▸ **Supplied records**
/---

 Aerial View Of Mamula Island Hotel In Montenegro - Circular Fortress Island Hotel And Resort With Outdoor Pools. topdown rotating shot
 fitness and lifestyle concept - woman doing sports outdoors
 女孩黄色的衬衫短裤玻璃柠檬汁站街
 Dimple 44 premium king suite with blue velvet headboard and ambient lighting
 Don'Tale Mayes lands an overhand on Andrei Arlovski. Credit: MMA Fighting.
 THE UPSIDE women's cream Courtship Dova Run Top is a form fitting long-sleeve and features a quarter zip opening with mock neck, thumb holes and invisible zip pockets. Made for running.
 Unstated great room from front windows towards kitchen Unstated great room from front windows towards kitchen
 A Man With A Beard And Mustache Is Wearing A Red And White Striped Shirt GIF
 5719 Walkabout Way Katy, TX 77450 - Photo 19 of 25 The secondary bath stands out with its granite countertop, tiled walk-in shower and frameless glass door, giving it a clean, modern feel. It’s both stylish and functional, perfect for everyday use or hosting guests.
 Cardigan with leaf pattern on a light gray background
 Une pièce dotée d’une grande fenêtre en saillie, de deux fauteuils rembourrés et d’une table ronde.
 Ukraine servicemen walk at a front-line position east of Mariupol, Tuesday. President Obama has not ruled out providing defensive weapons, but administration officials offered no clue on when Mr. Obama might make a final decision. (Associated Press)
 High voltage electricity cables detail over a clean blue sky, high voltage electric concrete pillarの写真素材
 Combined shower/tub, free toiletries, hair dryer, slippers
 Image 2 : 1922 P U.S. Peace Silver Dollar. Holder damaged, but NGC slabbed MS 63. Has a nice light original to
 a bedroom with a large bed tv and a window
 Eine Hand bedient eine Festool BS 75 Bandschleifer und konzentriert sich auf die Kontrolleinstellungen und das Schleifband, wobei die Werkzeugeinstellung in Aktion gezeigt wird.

\---

▸ **Goal of the exercise**
Nothing is to be left out; reproduce each record exactly.

▸ **Your solution**
 Aerial View Of Mamula Island Hotel In Montenegro - Circular Fortress Island Hotel And Resort With Outdoor Pools. topdown rotating shot
 fitness and lifestyle concept - woman doing sports outdoors
 女孩黄色的衬衫短裤玻璃柠檬汁站街
 Dimple 44 premium king suite with blue velvet headboard and ambient lighting
 Don'Tale Mayes lands an overhand on Andrei Arlovski. Credit: MMA Fighting.
 THE UPSIDE women's cream Courtship Dova Run Top is a form fitting long-sleeve and features a quarter zip opening with mock neck, thumb holes and invisible zip pockets. Made for running.
 Unstated great room from front windows towards kitchen Unstated great room from front windows towards kitchen
 A Man With A Beard And Mustache Is Wearing A Red And White Striped Shirt GIF
 5719 Walkabout Way Katy, TX 77450 - Photo 19 of 25 The secondary bath stands out with its granite countertop, tiled walk-in shower and frameless glass door, giving it a clean, modern feel. It’s both stylish and functional, perfect for everyday use or hosting guests.
 Cardigan with leaf pattern on a light gray background
 Une pièce dotée d’une grande fenêtre en saillie, de deux fauteuils rembourrés et d’une table ronde.
 Ukraine servicemen walk at a front-line position east of Mariupol, Tuesday. President Obama has not ruled out providing defensive weapons, but administration officials offered no clue on when Mr. Obama might make a final decision. (Associated Press)
 High voltage electricity cables detail over a clean blue sky, high voltage electric concrete pillarの写真素材
 Combined shower/tub, free toiletries, hair dryer, slippers
 Image 2 : 1922 P U.S. Peace Silver Dollar. Holder damaged, but NGC slabbed MS 63. Has a nice light original to
 a bedroom with a large bed tv and a window
 Eine Hand bedient eine Festool BS 75 Bandschleifer und konzentriert sich auf die Kontrolleinstellungen und das Schleifband, wobei die Werkzeugeinstellung in Aktion gezeigt wird.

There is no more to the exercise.